● **TRY IT**
Your copy should hold exactly the lines from the one containing "Apartment in Cheltenham" through the last line of the entries, and no pictures.

RECORDS TO PROCESS Start Marker

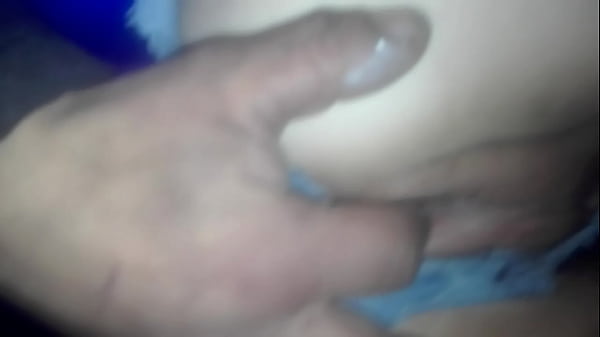 Ella entregada para Antonio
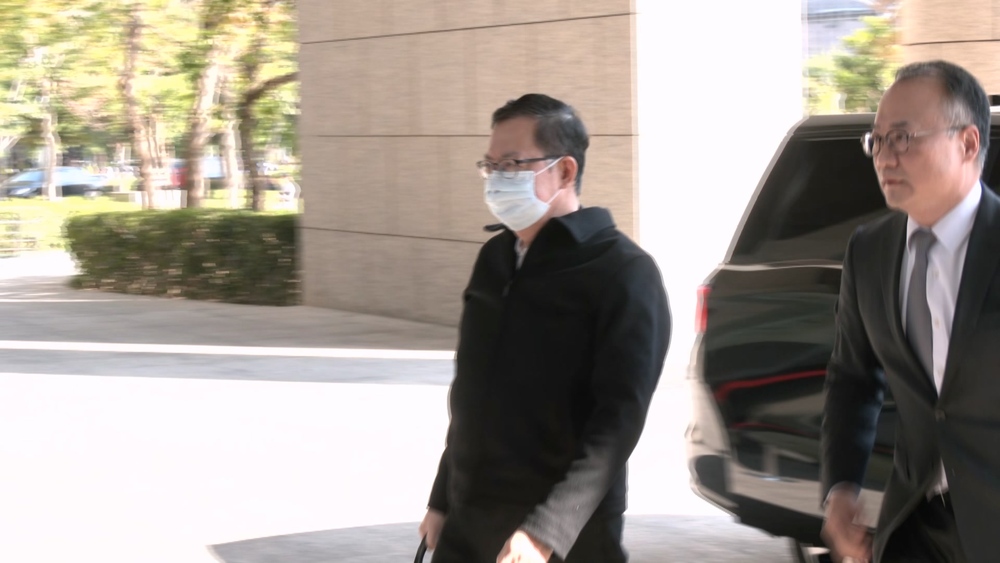 涉收賄500萬！今3度開庭　鄭文燦現身桃園地院、不發一語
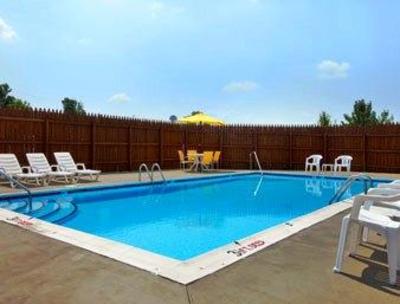 фото отеля Super 8 Motel Georgetown (Kentucky)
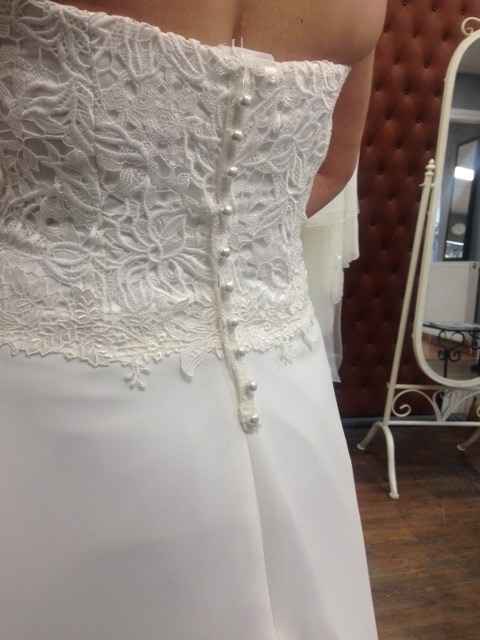 robe détaille 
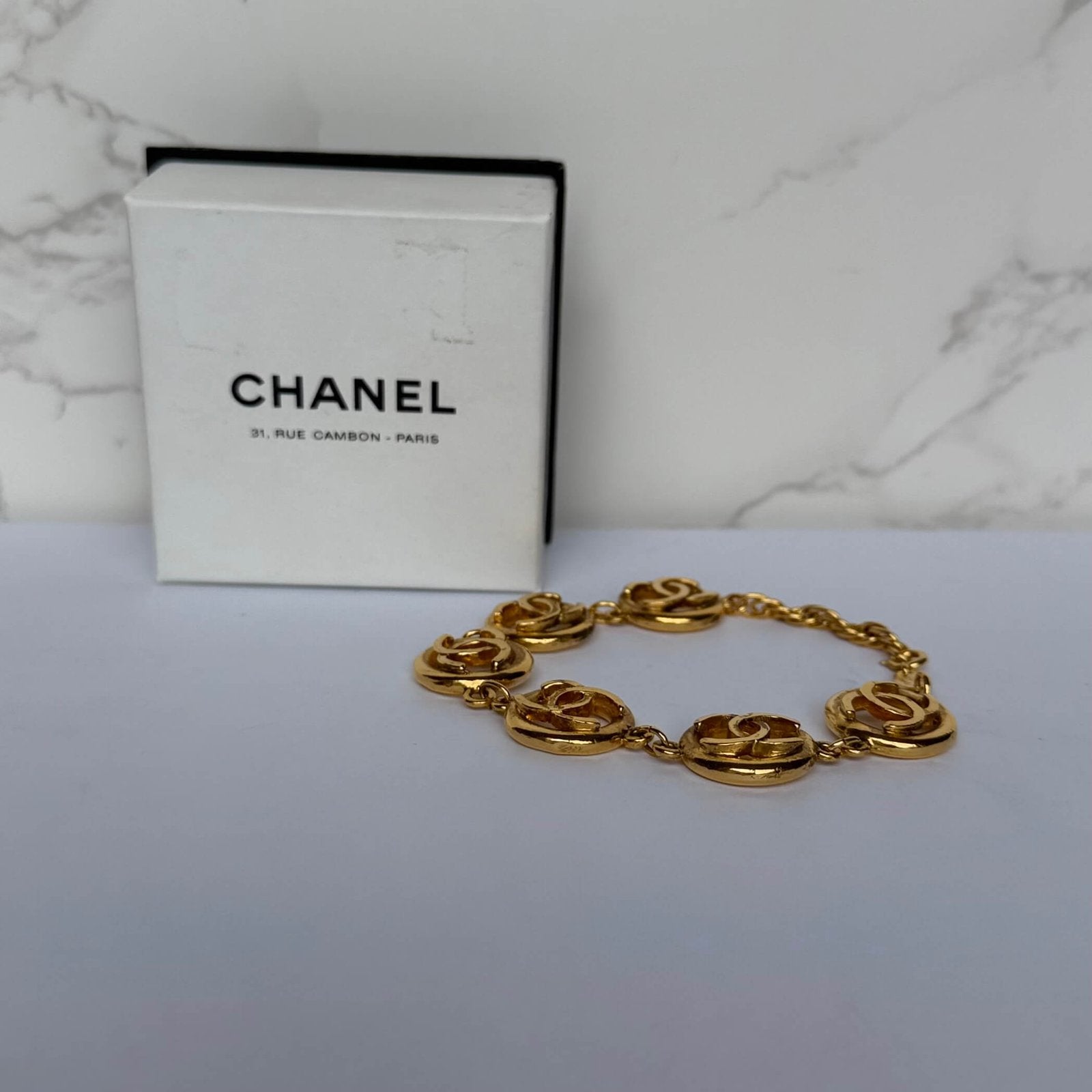 Chanel vintage CC logo bracelet 24k gold plated - pre-owned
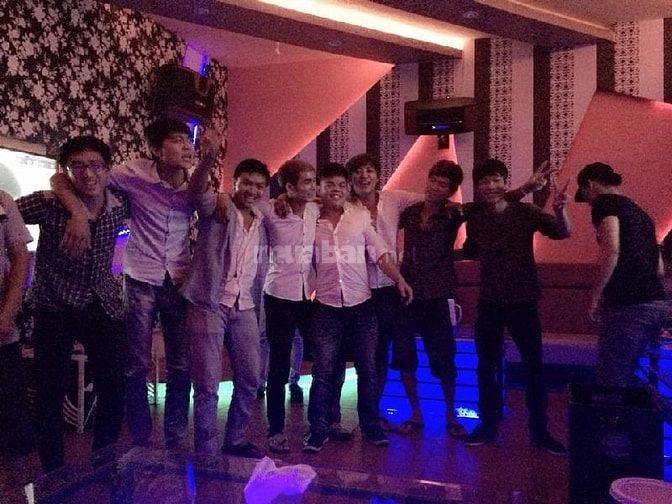Tuyển nhân viên nữ phục vụ karaoke-cafe 43899343 Tuyển nhân viên nữ phục vụ karaoke-cafe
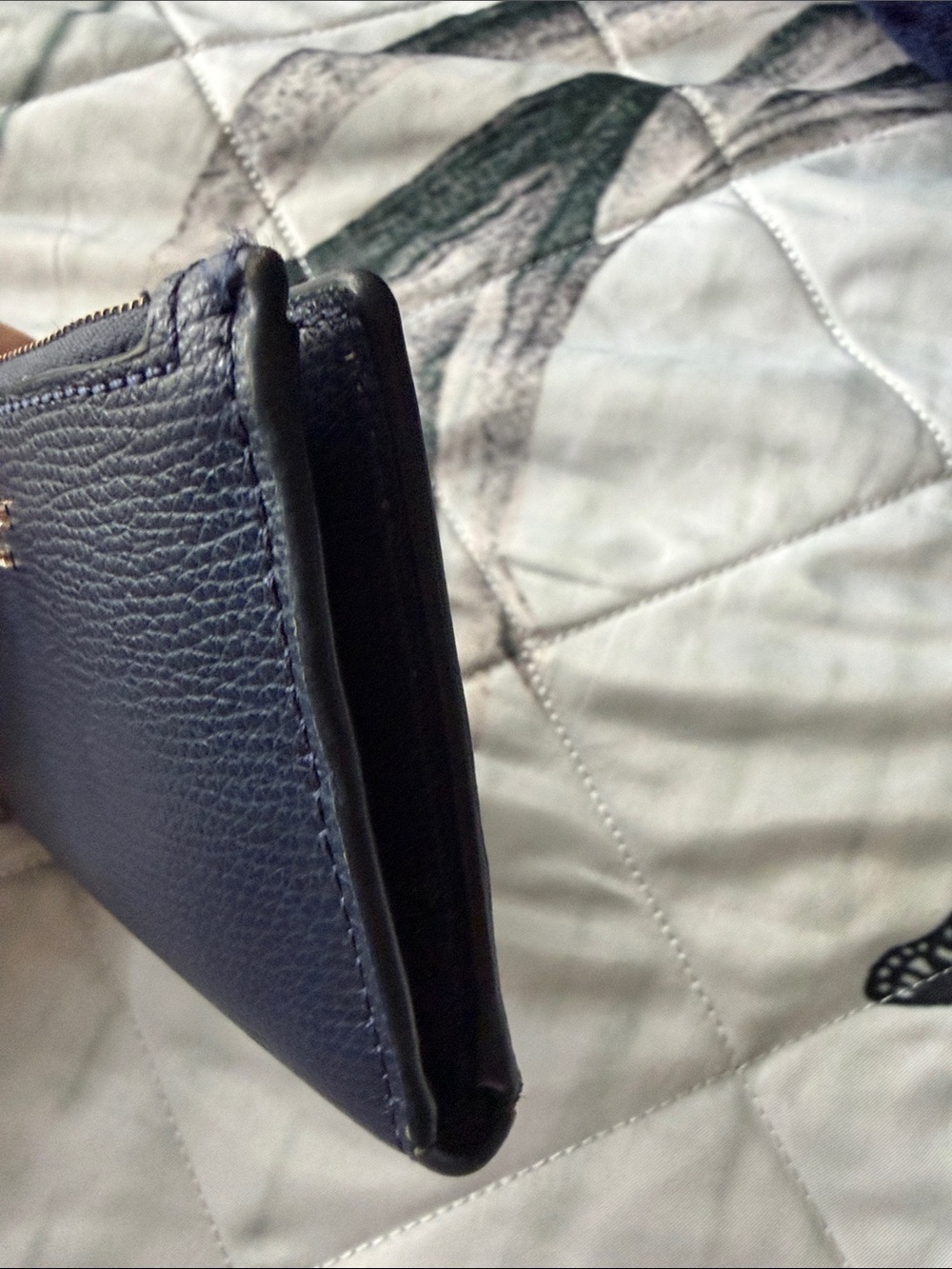 kate spade navy leather zip wallet / card holder - Picture 7 of 8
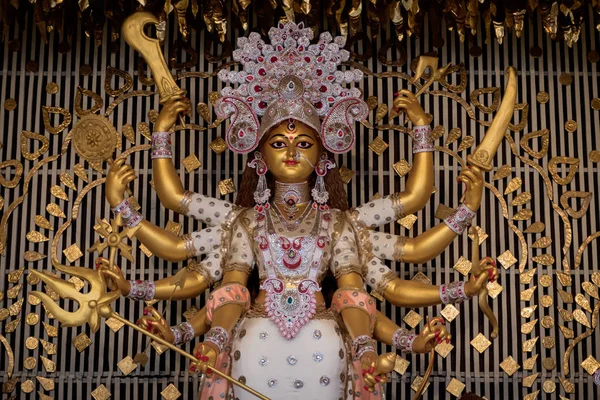 Durga Puja, também chamado Durgotsava, é um festival anual hindu no subcontinente indiano que adora a deusa Durga decorada kumortuli, Kolkata, Índia. . — Fotografia de Stock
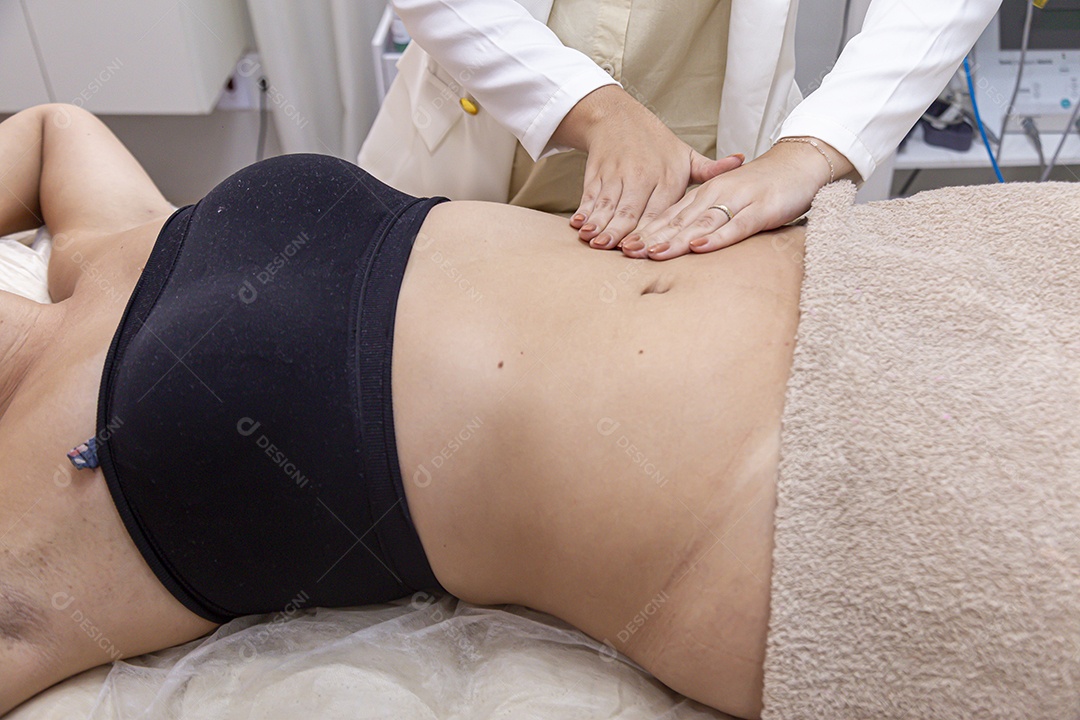 Mulher jovem realizando procedimentos estético sobre uma clínica estética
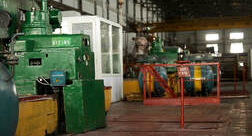 Machinerie industrielle peint d'un vert forêt.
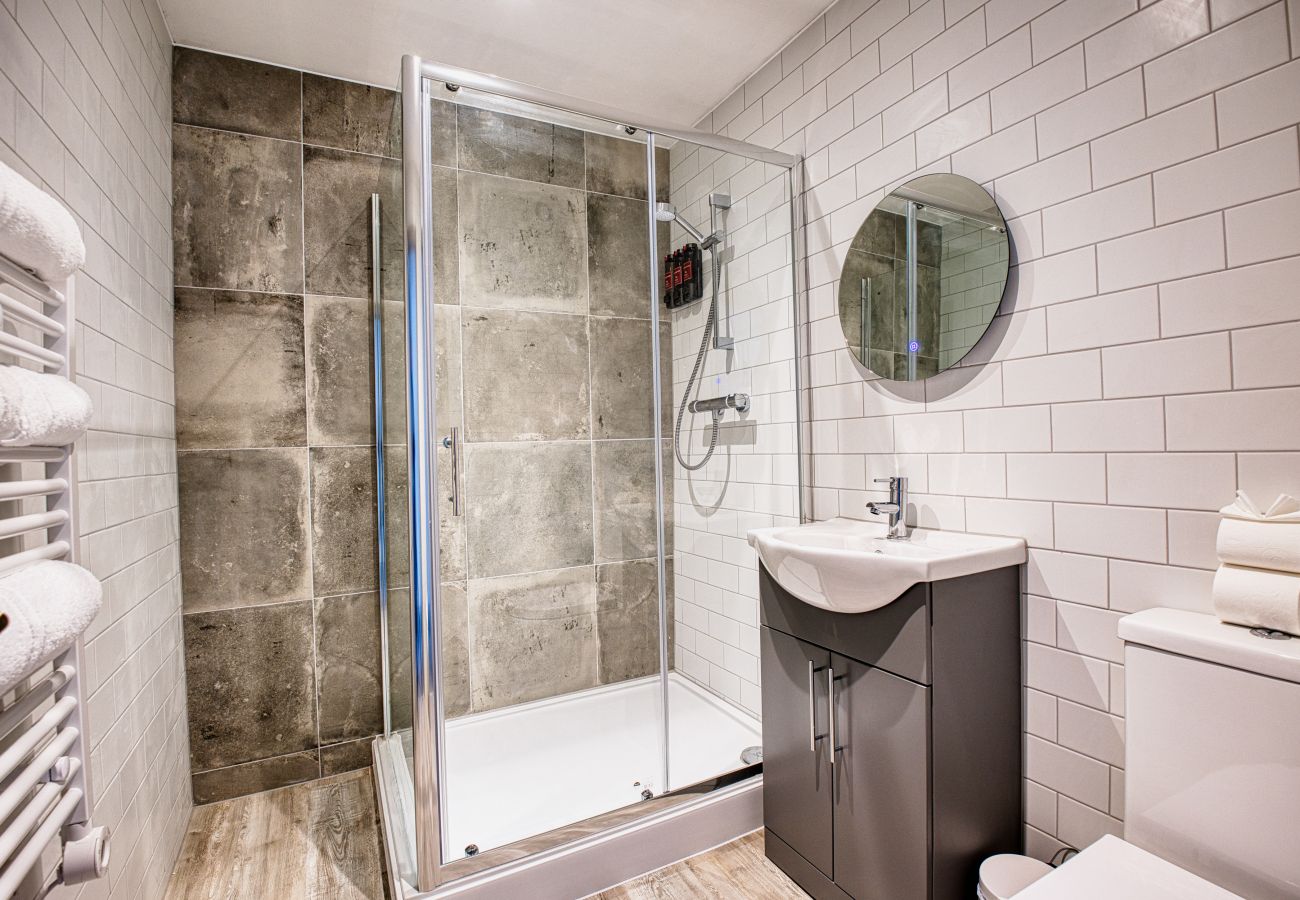 Apartment in Cheltenham - Prestbury 1 Bedroom Apartment, Cheltenham by mySTAYINN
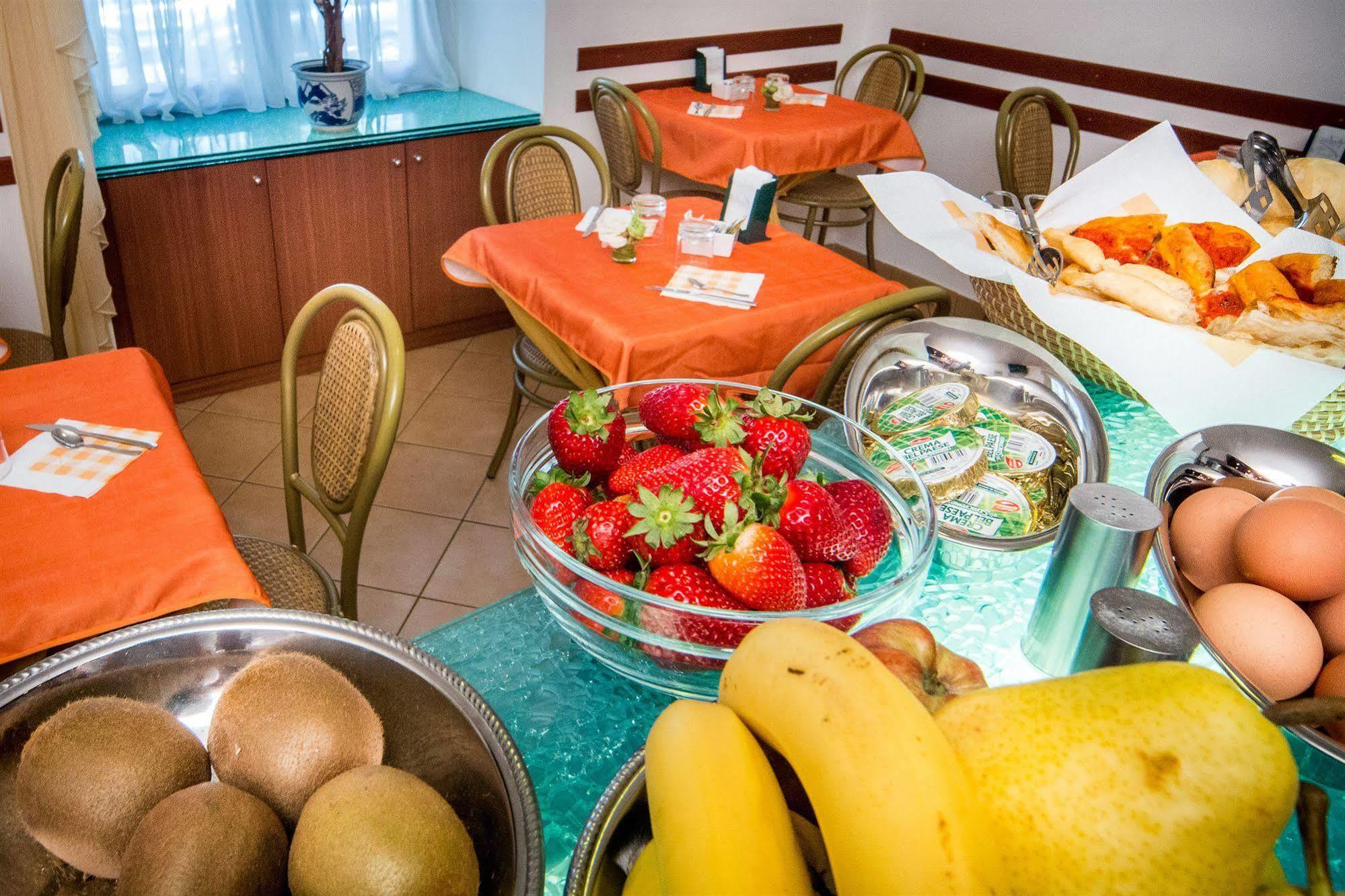 Hotel Boccascena Genua Buitenkant foto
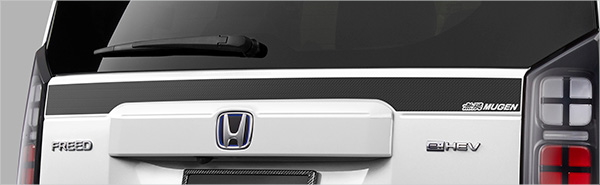 無限 MUGEN 08F32-XNY-K0S0-BK テールゲートデカール MUGENカーボン柄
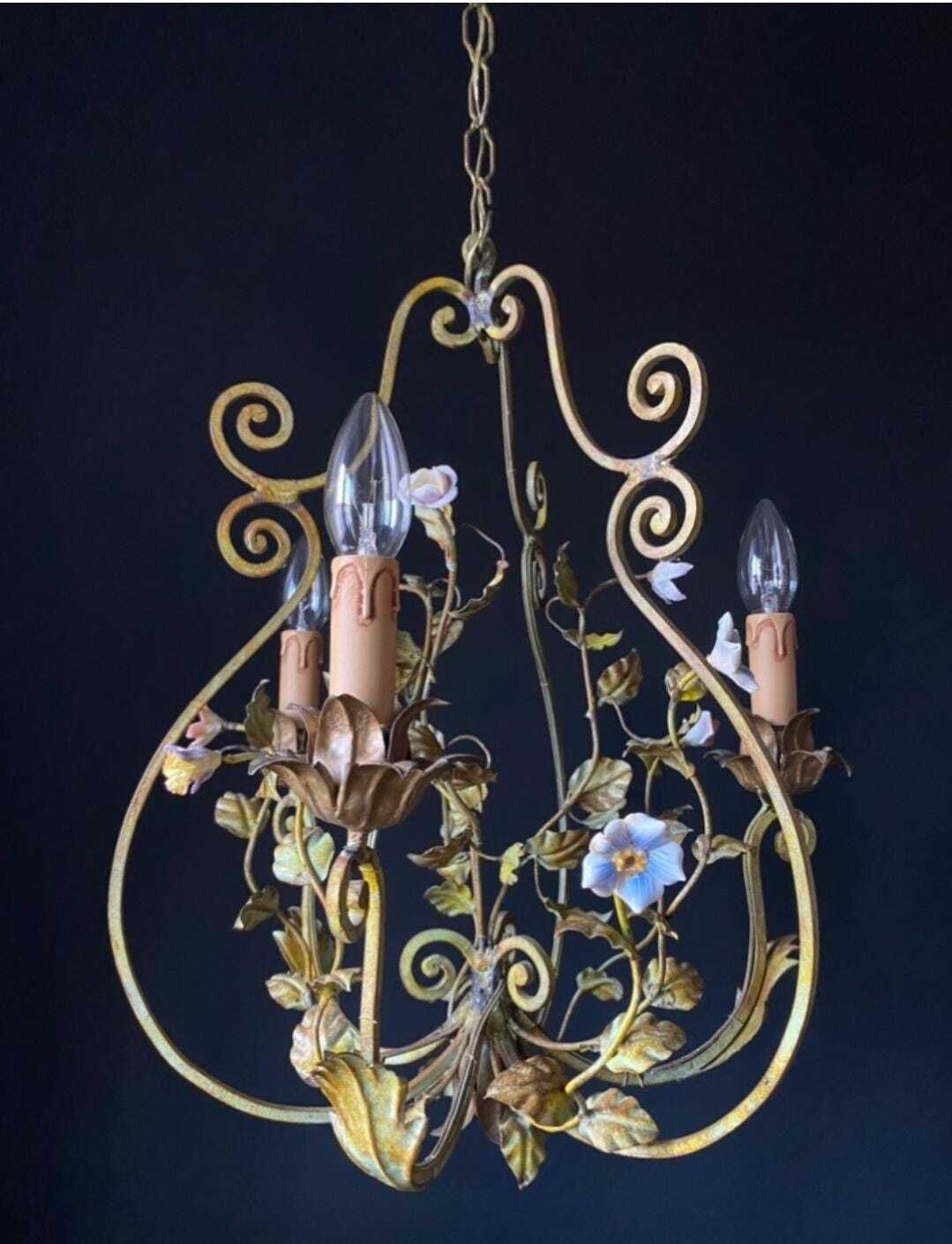 Antieke ijzeren kroonluchter met bloemen photo Verlichting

RECORDS TO PROCESS End Marker

● **EXERCISE RESPONSE**
 Apartment in Cheltenham - Prestbury 1 Bedroom Apartment, Cheltenham by mySTAYINN
 Hotel Boccascena Genua Buitenkant foto
 無限 MUGEN 08F32-XNY-K0S0-BK テールゲートデカール MUGENカーボン柄
 Antieke ijzeren kroonluchter met bloemen photo Verlichting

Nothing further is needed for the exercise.